Me temo que no hay medios, ni espacio, ni salida para esta avalancha que cada día será mayor, tienen que saber que la solución pasa por arreglar su propio país y no por largarse a otro en el norte. Normalmente los europeos tenemos entre uno y dos hijos, porque antes de traer uno al mundo evaluamos nuestros medios económicos y capacidad de atención y cuidado. En África es normal el número de diez hijos o más, de manera que en 50 años muchos países han cuadruplicado o quintuplicado su población –Etiopía ha pasado de 25 millones en 1960 a más de 90 en la actualidady el ritmo aumentará, porque ahora disponen de vacunas y medicinas. Debemos ayudarles allí, aun sabiendo que es casi inútil porque por mucha ayuda que les llegue se diluye en esa superpoblación de crecimiento desbordado, sin estructura social alguna. Mientras, el Vaticano sigue vetando el uso del preservativo, aunque no creo que ya sea un asunto determinante, salvo para frenar el VIH.

He oído en televisión a sesudos tertulianos afirmar que la riqueza (de Europa) siempre atraerá a la pobreza (de África), algo que no tiene discusión.

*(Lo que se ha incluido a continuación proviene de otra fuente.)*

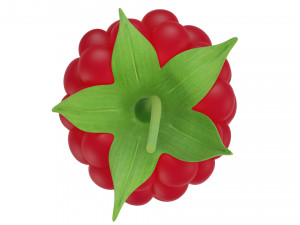 Raspberry collection 3D Model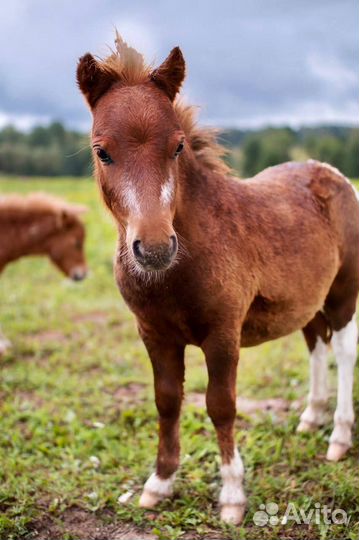 Продам мини Шетлендских жеребчиков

Queda por debatir si estos sesudos aceptarían que el pobre que vive en Orcasitas (Madrid), Trinitat Nova (Barcelona) o las 3.000 viviendas (Sevilla) forzara la puerta de su confortable vivienda y se instalara en ella sin más apuro; apuesto a que llamarían al 091, y harían muy bien. Otra pregunta que me hago es qué salida pueden encontrar en Europa estos fugitivos que no sea ejercer de mantero o gorrilla, teniendo en cuenta que no abundan entre ellos los que poseen estudios y para remate no conocen el idioma español porque proceden de ex colonias francesas y británicas, antiguas metrópolis que serían en última instancia las que deberían hacerse cargo de ellos.

¿Recuerdan el cuento del campesino ruso que mientras huye de los lobos decide arrojar a uno de sus hijos a esos lobos porque sabe que es imposible que se salven todos? Resultará doloroso e inhumano, pero no podemos aceptar que toda África se venga a Europa porque desapareceremos, literalmente engullidos por ellos. No es ya ser generosos o compasivos, se trata de supervivencia. Por algo hay ya quienes consideran estas migraciones masivas una especie de bomba de relojería y por descontado que previamente asistiremos a la aparición o fortalecimiento de poderosos partidos de ultraderecha como ya hay en varios países europeos: Francia, Hungría, Dinamarca, Países Bajos, República Checa, etc. 

La mayoría de las personas no acaban de entender cuál es el núcleo del problema de los migrantes que proceden de Asia y sobre todo de África. La caridad y la compasión pueden ejercitarse cuando hablamos de unas cuántas personas, pero el planteamiento es muy diferente cuando se trata de un traslado poblacional masivo de un continente a otro. Si no se pone fin a esta llegada de personas por los medios que sean, Europa será invadida perdiéndose ese supuesto bienestar que precisamente es lo que vienen buscando. No huyen de una plaga, huyen del país que no han sabido estructurar, huyen de una guerra en la que lucha su hermano, su padre o su hijo, huyen de una superpoblación de la que son responsables ellos mismos y que trasladan allí donde se asientan. 

No estoy obsesionado con el problema, entre otras razones porque no soy yo ni mi generacion la que va a tener que soportarlo en toda su crudeza, pero hay que ser necio para no dedicarle una reflexión más allá de eso de “es conmovedora la cara de sufrimiento de los que llegan exhaustos a las costas con sus blancos ojos llenos de ilusión…”. Además, pocos negros de verdad han visto de cerca, porque los negros suelen tener el globo ocular enrojecido.